Crônicas de São João (última parte)

No dia seguinte à excursão ao Vale do Catimbau, decidimos ir ao Santuário de Nossa Senhora das Graças, depois da aldeia de Cimbres. Haviam-nos dito que era muito bonito, então não quisemos deixar de ir.

Eu já tive mais religiosidade, mas o cotidiano me embruteceu. Hoje a ideia de Deus para mim é diáfana e meus encontros com Ele tendem a ser cada vez mais internos, como aliás deveria ser o encontro com Deus. Eu acho que a construção que fazemos da divindade é permeada por nossas experiências, por nossa cultura. A viagem ao Santuário me fez comprovar essa teoria.

Para chegar lá é preciso primeiro atravessar a serra que rodeia Pesqueira. Há um novo santuário que foi construído, segundo dizem, por conta da dificuldade de atravessar a reserva Xucuru para chegar ao santuário original. Isso me fez refletir como a história é feita desses movimentos: para os que não conhecem ou não se aventuram a ir mais além, aquele é o santuário. Ao mesmo tempo, o santuário original é uma construção cultural feita por um monte de circunstâncias que foram se perdendo no tempo e se confundindo em uma mescla de misticismo e coincidências.

Fomos recebidos lá por um monte de meninos, que se dispuseram a nos guiar. Claro que aquilo era algo que faziam com frequência, a ponto de a história das meninas que viram a santa saltar de suas línguas como petardos teleguiados. Deveria encantar as pessoas com fé. Um menino começou a contar a história e outro continuou, porque sabia a segunda parte. Eles disputavam, como flanelinhas, quem nos seguiria. Eu fiquei atento a quem nos acompanhava, para saber quem recompensar depois, mas a presença de uns rapazes em motos quando chegamos, me fez entender que talvez nenhum deles recebesse nada, que havia ali, como em todos os lugares, a lei do mais forte, e aqueles rapazes provavelmente tomariam o dinheiro que dei a nossos guias. A crueldade existe mesmo no paraíso.
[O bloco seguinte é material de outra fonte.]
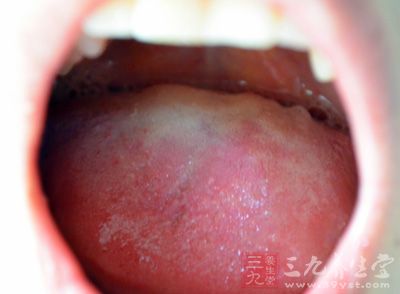 口腔黏膜白斑是一种怎么样的疾病呢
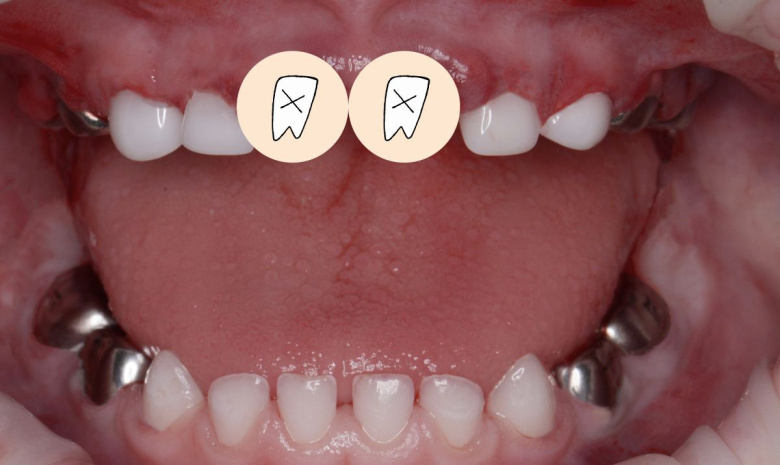  - photo after the procedure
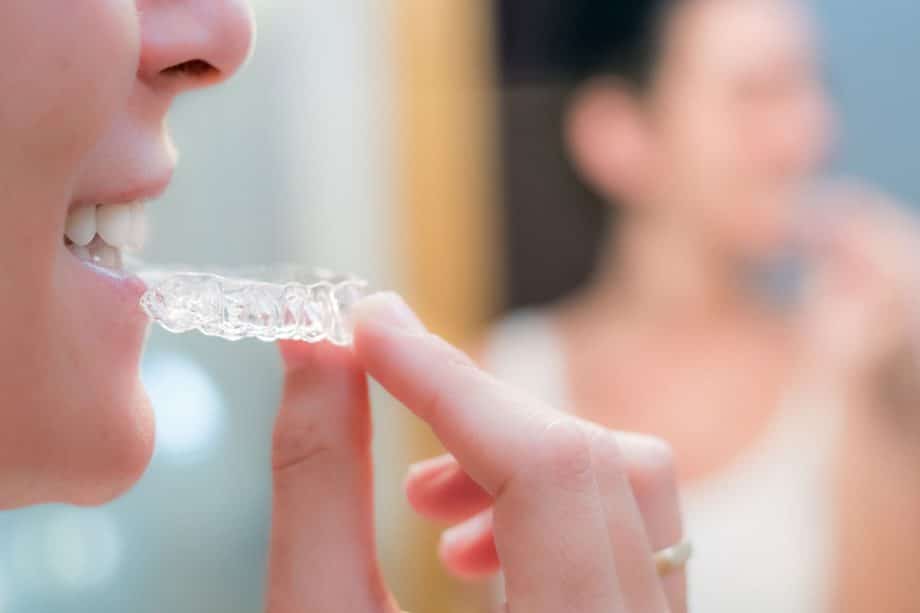 Top 5 Benefits of Clear Aligners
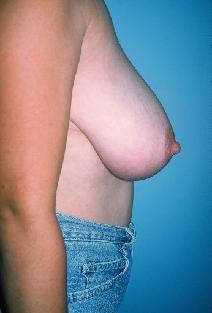 Breast Reduction Before Photo by Dennis Schuster, MD, DDS; Fort Worth, TX - Case 6642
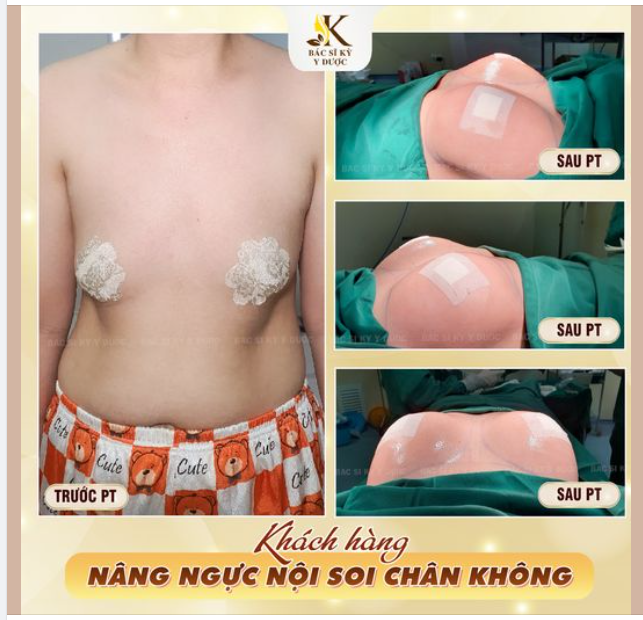 MUỐN CÓ VÒNG 1 ĐẸP THÌ NHẤT ĐỊNH KHÔNG ĐƯỢC BỎ QUA BÀI VIẾT NÀY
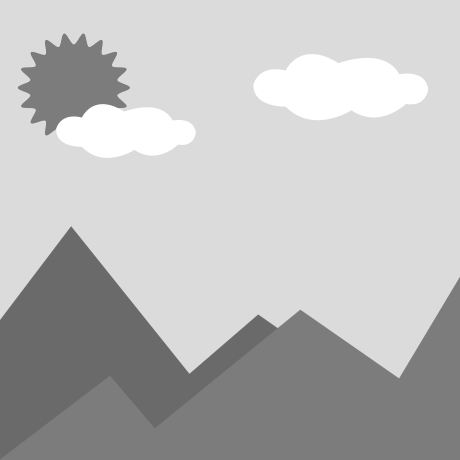 What is the difference between Type A and Type B sprockets?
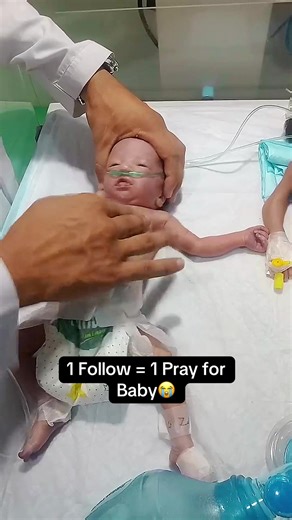 Newborn Baby CPR with Ambu Bag: Essential NICU Skills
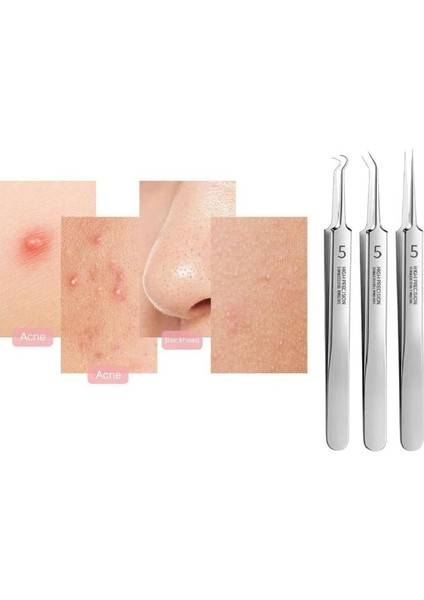 Paslanmaz Çelik 3lü Siyah Nokta Çıkarma Cımbızı Aleti Takımı Siyah Nokta Temizleyici Profesyonel Yüz Siyah Nokta Sökücü Cımbız Hassas Çıkarıcı Akne Temizleme Kiti Popper Araçları fırsatları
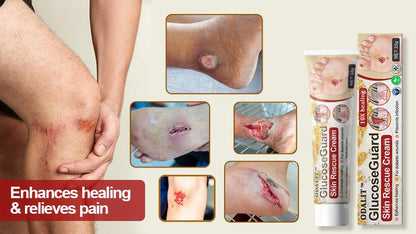 ODALIT™ GlucoseGuard Skin Rescue Cream – Hydrating & Healing Care for Diabetic Skin | 50% OFF Today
Fomos subindo as escadarias e ouvindo a história de como o lugar onde a santa apareceu na rocha era branco, nunca se molhava nem criava lodo. Ana ficou na metade do caminho com Aleph e eu continuei. Ia ouvindo tudo com meu coração descrente, percebendo que a beleza estava em como eles modificavam tudo pelo seu olhar simplório. Havia em minha atitude, vejo agora, uma soberba totalmente desnecessária e inútil. Um pátio natural era o pátio da ressureição, uma caverninha era onde Cristo foi enterrado, cada espaço da subida, um dos passos da paixão. Modificamos a paisagem com nosso olhar, com cultura. E não há em minha fala qualquer recriminação, apenas uma constatação. Quem era eu para dizer que aquilo era misticismo, invenção? Era real para todos eles. E mesmo que não fosse, que tivessem a plena consciência da ficcionalidade de suas narraitvas, era uma forma de sobreviver à completa carência de tudo que se sentia no oxigênio daquele lugar.
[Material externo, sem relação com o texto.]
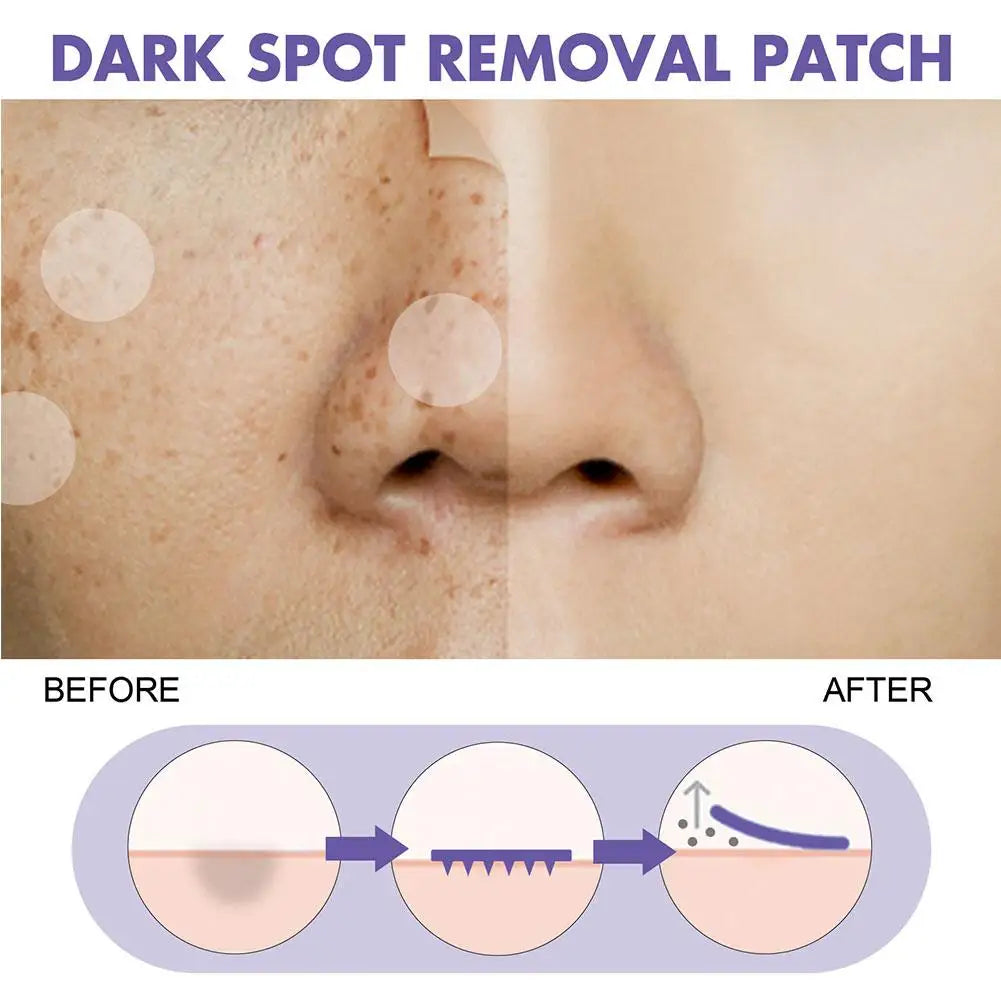 Eelhoe Invisible Acne Spot Patches – 144pc Pimple Cover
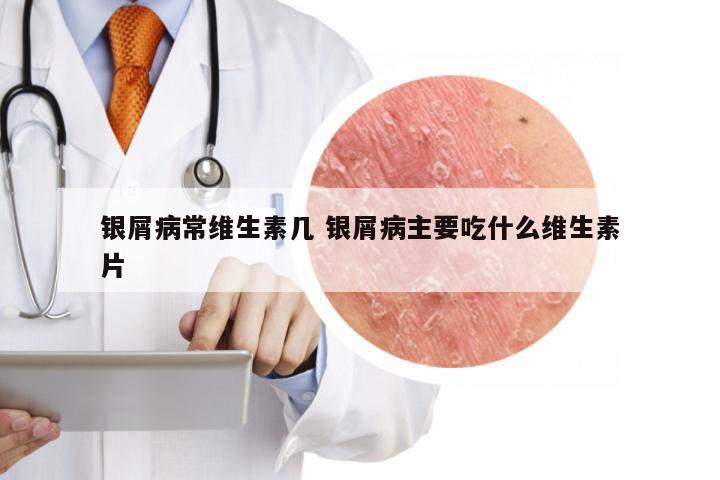 银屑病常维生素几 银屑病主要吃什么维生素片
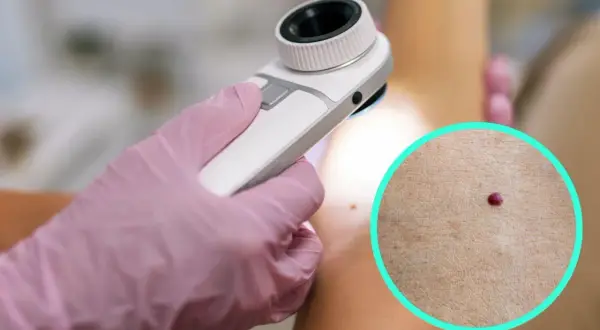 Dermatolog bada naczyniaka rubinowego za pomocą dermatoskopu.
Ao chegar no alto do santuário, de onde brotava a água benta – assim eles disseram que era aquela água, que não podia ser vendida, vi o local onde apareceu a santa. Havia uma pequena inclinação na pedra e uma protuberância que explicavam porque, com o vento e a física, nunca se molharia aquela parte da pedra, evitando a criação de lodo e deixando-a, naturalmente, branca. Mas importava pouco minha racionalização. Era água benta, eles diziam. Eu via uma fonte de água na montanha com vista exuberante do Sertão. Pensei em Aleph e seu silêncio. Deveria estar brincando com a mãe perto do quarto passo de nosso Senhor, ignorando todo meu racionalismo, toda a minha explicação do porquê de aquela comunidade ter criado essa história em torno de uma santa e duas meninas há tanto tempo que a história que se preservava pelas bocas dos meninos ser talvez apenas uma repetição sem sentido para eles.Nada importava.

Enchi a garrafa e desci ao encontro de Aleph, benzi sua cabeça, dei-lhe um pouco da água. Deve ser assim com a fé: o desejo maior, movido pelo puro amor, de que a realidade se molde à nossa vontade, espelho da vontade de um deus que supostamente nos olha e protege. Beijei meu filho e desci do santuário olhando a vegetação ao redor, a fonte de água limpa que corria por baixo de uma ponte velha. Pensava que em pouco tempo voltaria meu cotidiano permeado por minha visão de concreto e vidro. Deus existia nele e em mim. São João do Carneirinho me estaria velando em algum lugar? Sorri e olhei pro sol quente daquela manhã, sem saber o que viria. Liberdade é acreditar nas mentiras que nos convêm.